"We meet the target, we do have the 100 billion," Kristalina Georgieva told reporters at a climate financing summit in Paris, adding that the fund needed another 40 billion to hit the target and "I'm very proud to announce that we now have 41 billion."
On March 20, 2023, introducing the Intergovernmental Panel on Climate Change report on the impacts and trajectory of global warming, U.N. Secretary General Antonio Guterres delivered a blunt assessment of the challenge to prevent climate catastrophe.
"It starts with parties immediately hitting the fast-forward button on their net zero deadlines," Guterres said, but he acknowledged countries have different levels of responsibility and ability to change course.
The recent COP 27 Conference set forth that rich nations are, because of their impact on the planet, obligated to assist poorer nations not only on climate, but also, on helping such countries lift out of poverty.
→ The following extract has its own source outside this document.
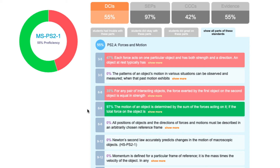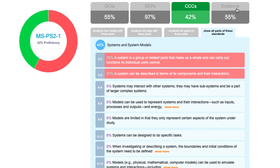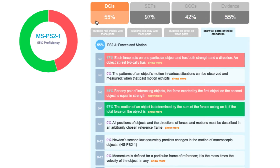InnerOrbit's questions are all tagged with discrete elements of DCIs, SEPs, cross-cutting concepts, and evidence statements. In our performance expectation report, these elements report out to show you discrete elements that students are successful on or are struggling with.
The IMF plan, first announced in 2019, was for wealthier countries to recycle $100 billion in IMF special drawing rights (SDRs) for vulnerable economies.
SDRs are foreign exchange reserve assets awarded to countries based on how much they contribute to the IMF.
The idea, which some European countries resisted, was for wealthier countries to lend these foreign exchange reserve assets to the IMF, which could in turn lend them to developing economies.
Ahead of the summit, France and Japan announced that they would redeploy 30 percent of their SDRs for this purpose.